« QUARANTE ANS, c’est d’abord quelque chose d’extraordinaire, car on s’est toujours vécu comme une petite institution expérimentale, fragile et éminemment provisoire. Le fait de durer si longtemps, c’est déjà un étonnement majeur », déclare le Dr Marc Valleur, médecin-chef du Centre médical Marmottan, créé en juillet 1971 par le Pr Claude Olievenstein. Le fameux bâtiment de briques rouges du 17e arrondissement parisien fut le théâtre de la révolution thérapeutique en matière de prise en charge des toxicomanies. « L’esprit de Marmottan, c’est avant tout un style d’intervention très particulier, où l’accueil inconditionnel, l’accompagnement priment sur toutes les réponses techniques de la prise en charge », résume-t-il.
Évoluant au centre Marmottan depuis 1974, le Dr Valleur prend le relais du Pr Olievenstein en tant que médecin-chef de l’établissement à partir des années 1999-2000. « Lui succéder est à la fois simple et compliqué, car je suis son exact contraire », confie-t-il. « Olievenstein a été un pionnier qui a ouvert un champ. Moi je suis davantage quelqu’un qui structure ce champ et qui poursuit une réflexion clinique. » Ces dix dernières années, le centre a élargi son périmètre d’actions aux drogues légales, puis aux addictions sans drogue. « Il y a une évolution permanente du profil des consultants. C’est toutefois davantage un élargissement qu’une modification radicale de la base de patients », explique le Dr Valleur. « Ces dix dernières années ont également été marquées par l’installation de la substitution, qui a énormément changé le paysage de la toxicomanie et sa prise en charge », ajoute-t-il.

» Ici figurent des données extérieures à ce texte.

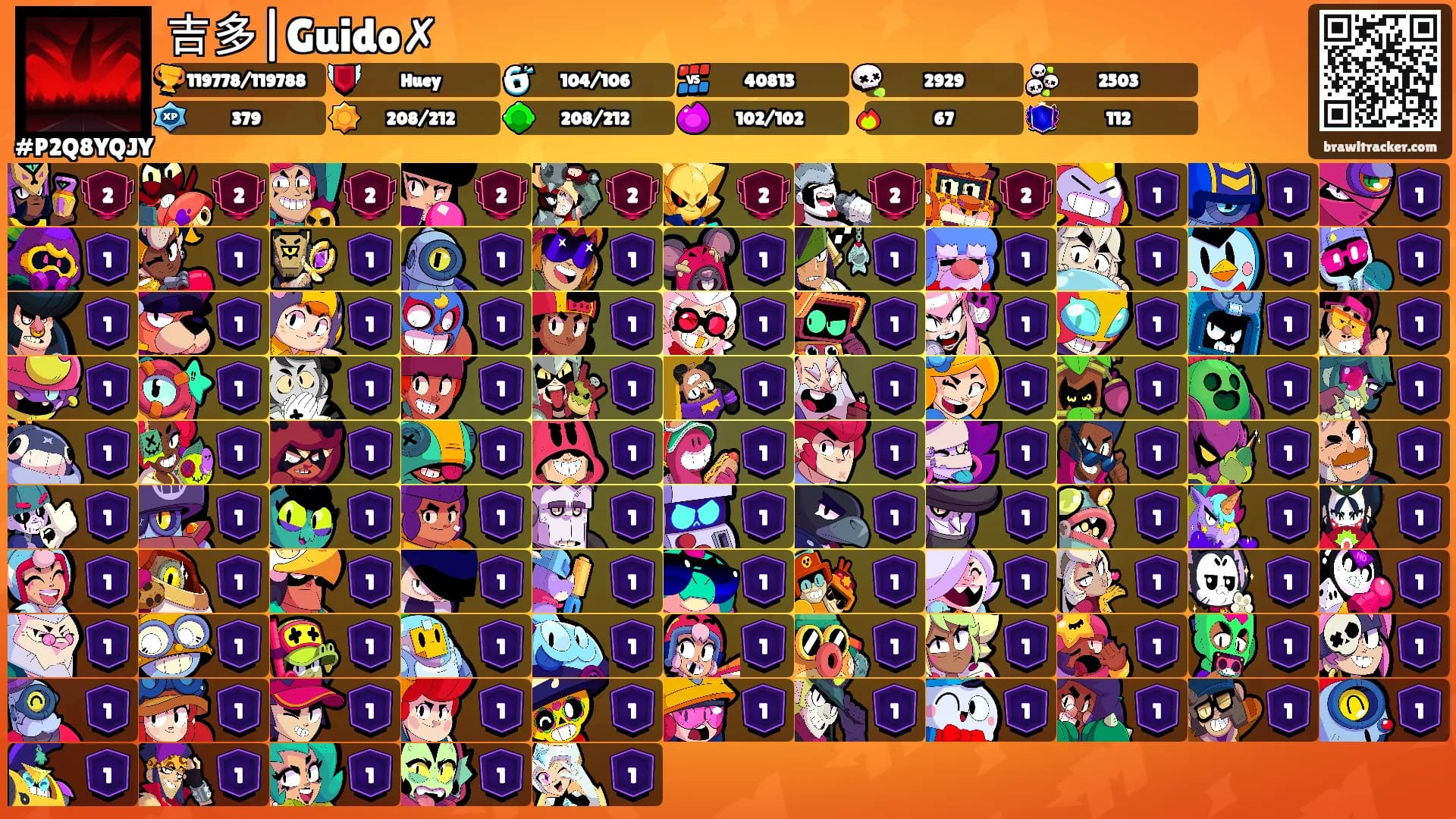 吉多|Guido✗'s Ranks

Durant la dernière décennie, le centre Marmottan a aussi beaucoup tangué. « Au moment des guerres de la substitution et du départ d’Olievenstein, nombreux sont ceux qui ont considéré que Marmottan était devenu caduque et qu’il fallait peut-être passer à autre chose. Autour de l’année 2000, l’idée de fermer le centre a été très forte chez certains politiques », raconte le Dr Valleur. « Nous avons mené un combat difficile, mais, au final, je pense que c’est le bon sens qui l’a emporté. Marmottan dérange toujours autant en 2011 et en même temps il rend des services. C’est probablement grâce à cela qu’il est toujours là », considère-t-il.
Approche multimodale.
« Marmottan est devenu une institution, à la base de tout le modèle de soins français en matière de toxicomanies. » Plus récemment, « le champ des CSAPA (centres de soins, d’accompagnement et de prévention en addictologie) s’est construit en grande partie autour de l’influence de Marmottan », remarque le Dr Valleur. « On représente une forme d’approche humaine en face des formes standardisées de prise en charge des toxicomanies. Aujourd’hui, on s’aperçoit que c’est ce style d’approche qui est probablement le plus efficace », estime le médecin-chef. « Ainsi, quand on parle d’addictions avec les Nord-Américains, ils sont généralement d’accord sur l’importance de l’approche multimodale telle qu’elle est pratiquée ici (psychologique, sociale, éducative et psychiatrique) », poursuit-il.
Passé le cap des 40 ans, le Centre Marmottan se prépare à une cure de jouvence. « Nos bâtiments datent de 1936 et il va bien falloir les rénover. C’est un chantier extrêmement important, qui devrait s’étaler pendant au moins 3 à 5 ans », indique le médecin-chef. « Le futur Marmottan devrait être totalement rénové. Mon successeur pourra alors bénéficier de structures plus adaptées et aux normes de la médecine actuelle. »
L’autre enjeu pour Marmottan durant la nouvelle décennie qui s’ouvre reste encore et toujours un défi autant clinique que politique et social. « Nous aurons à élargir la réflexion sur les autres addictions. Cela implique à la fois de tenir compte des recherches les plus pointues en neurobiologie mais aussi de mesurer l’impact de cette réflexion sur les addictions à l’intérieur des sciences humaines et sociales », souligne le Dr Valleur. « Dans ce cadre-là, je pense que l’on trouvera le terrain naturel pour que le style clinique inauguré à Marmottan puisse perdurer », estime-t-il.